Notably, the “source” mentioned above doesn’t necessarily have to be another person. It could be a page or community as well. This is significant because Facebook also favors factors like tagging other pages in a post. This is the same principle as with liking and commenting. Suppose you follow a page very closely. Any pages that that page is closely related to (denoted in this greatly simplified analysis via direct tags/mentions) is probably a page you will have some interest in as well. As with liking and commenting, the principle of strong triadic closure means that you are more likely to make a tie with that page, which, once again, means more ad revenue for Facebook.

Of course, even after all this analysis, there are bound to be some interesting exceptions which require a bit more work to filter out. For instance, consider posts commonly referred to as “bait posts” which use a picture split into four sections that say “Like for….Share for….Comment for….Ignore for….” These pictures often have a very high level of engagement because of how they encourage users to interact with the post. By a model based on the factors listed above, such a post should be pushed very high in a news feed. However, these posts are rarely quality content. To this end Facebook actually employs some image recognition to identify this format of picture post and push it farther down in your news feed. Once again this serves to help increase engagement by removing posts that won’t help make long term connections/sustained interactions which are a better long term bonus for Facebook’s ad revenue.

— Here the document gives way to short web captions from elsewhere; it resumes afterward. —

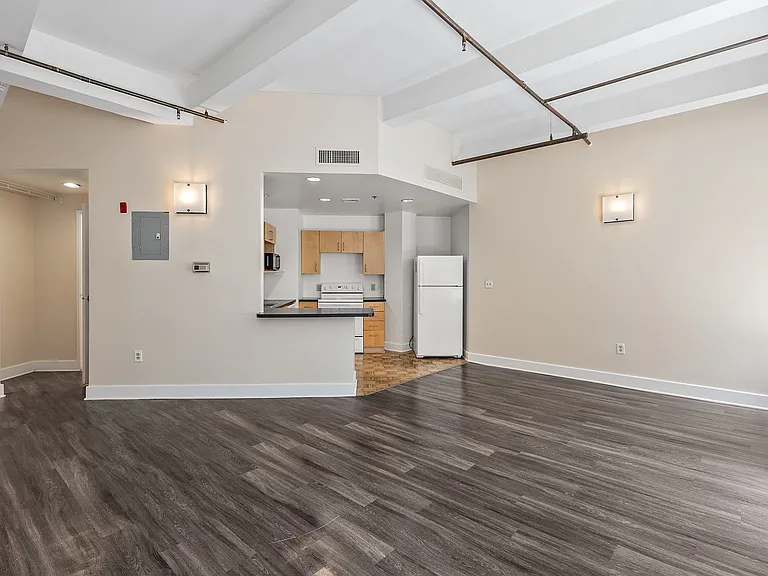 Chamber Lofts — Photo 29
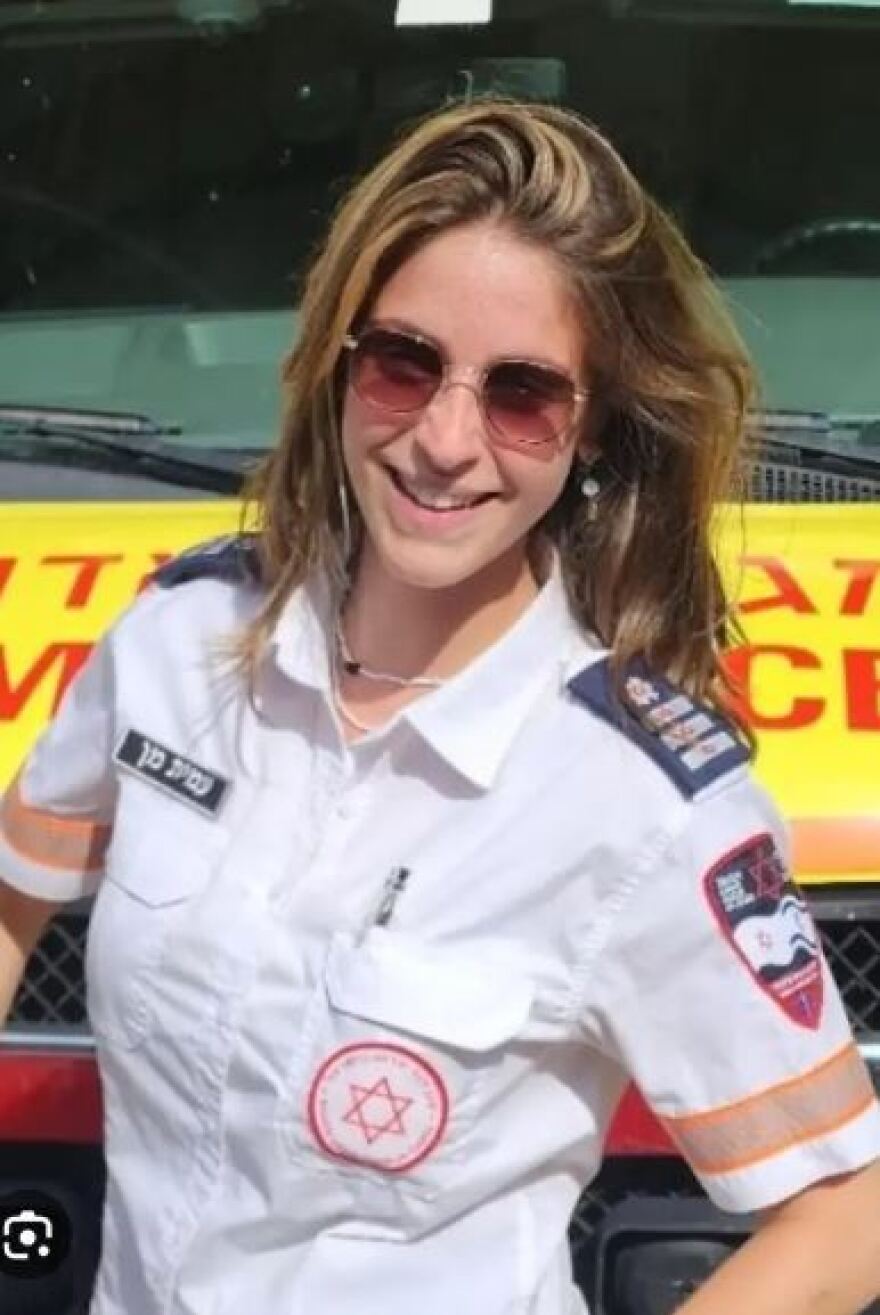 Ισραηλινός τραυματιοφορέας μιλάει για τις φρικαλεότητες που έζησαν τα θύματα της Χαμάς: «Σαν ταινία τρόμου»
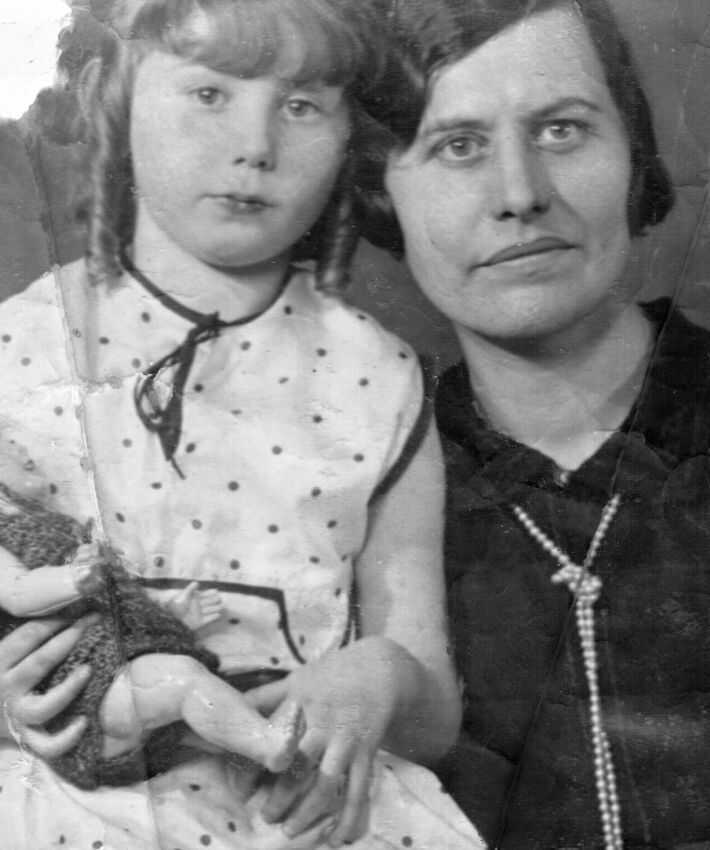 Saartje (Celien) de Leeuw-van Allemans met dochter Helena (Leentje) de Leeuw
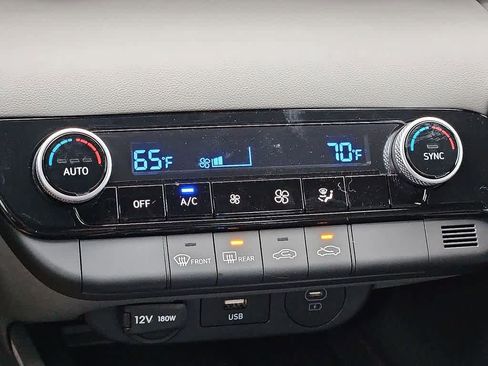 Used 2025 Hyundai Elantra Sport FWD image 12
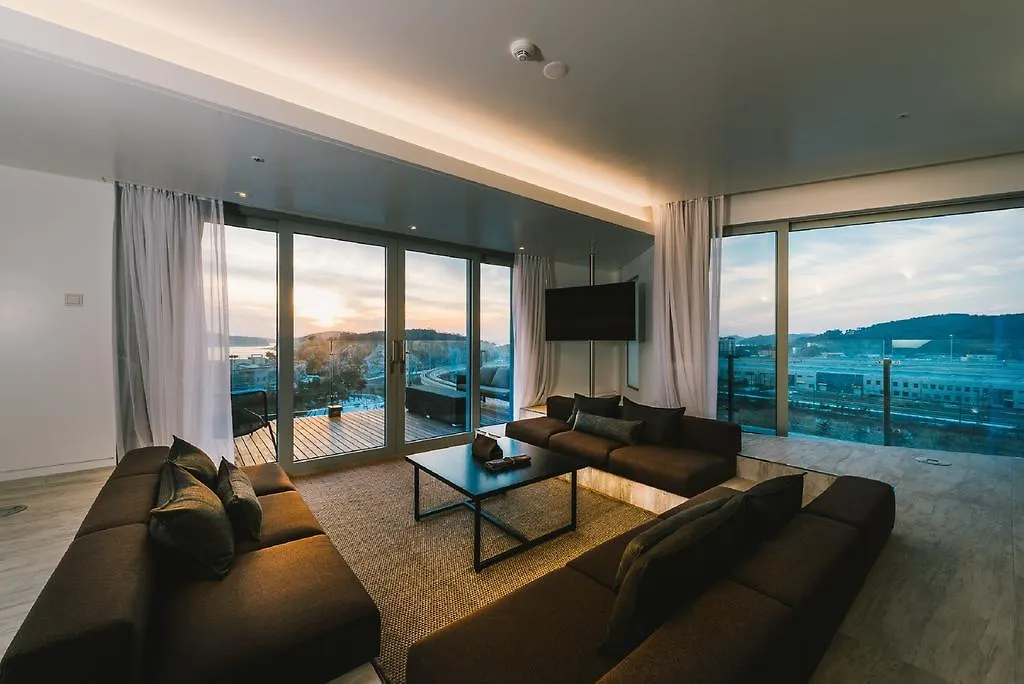 Nest Hotel Incheon 5*,  South Korea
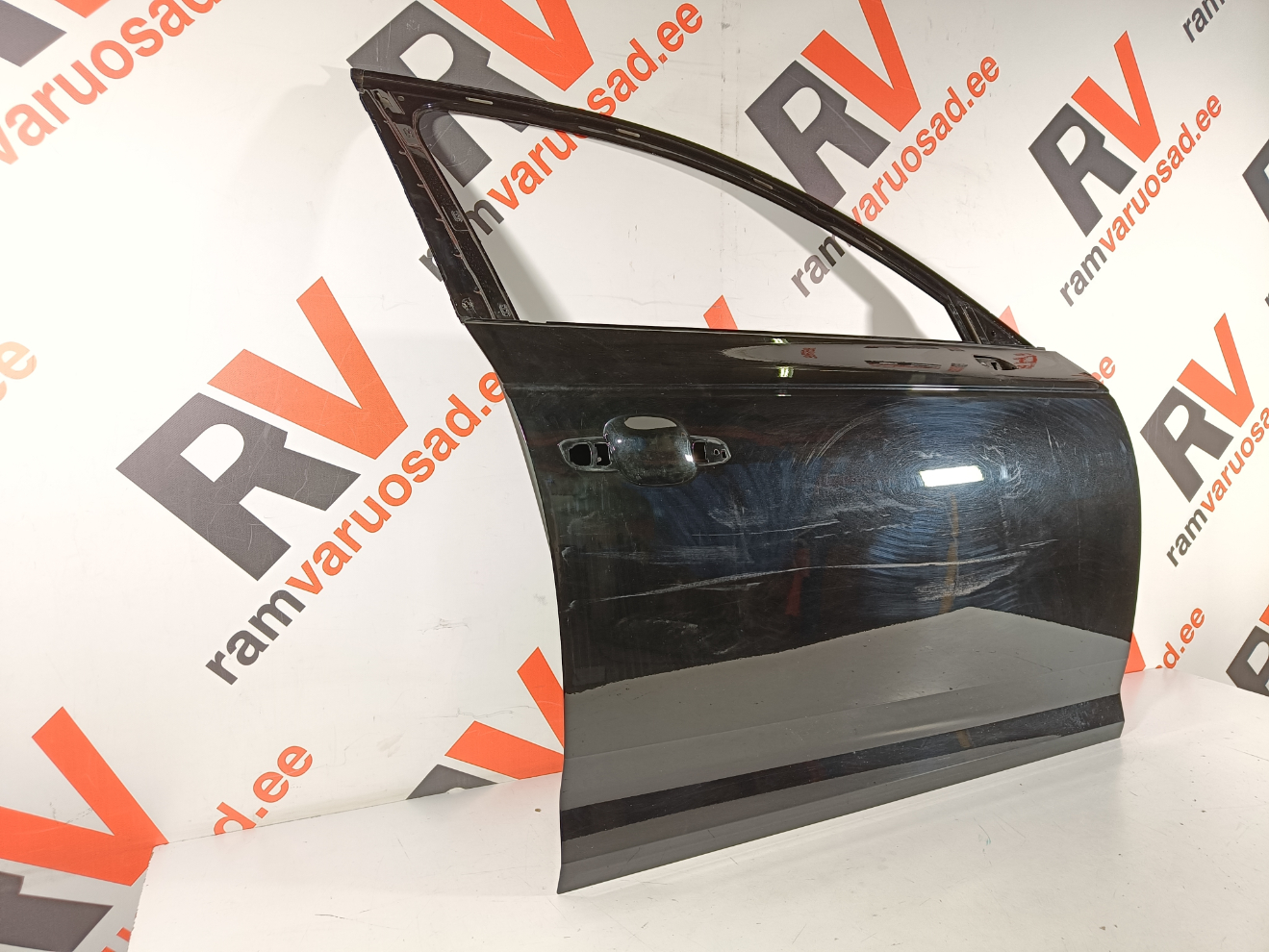 Audi A4 B9 esiuks - pilt 2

Of course, it’s not all about revenue. There is certainly something to be said in favor of Facebook analyzing and sorting posts like this. Their sorting algorithm keeps our news feed clean of spam and full of relevant content. Imagine if we just got posts based on the time they were posted. Pages could easily abuse this, and our news feed would just be people spamming “Like for cats, Share for dogs, Ignore if you like Justin Bieber” posts. In this way (among others), Facebook’s algorithm is actually very beneficial to the end user.

It just also happens to make them more money in the mean time.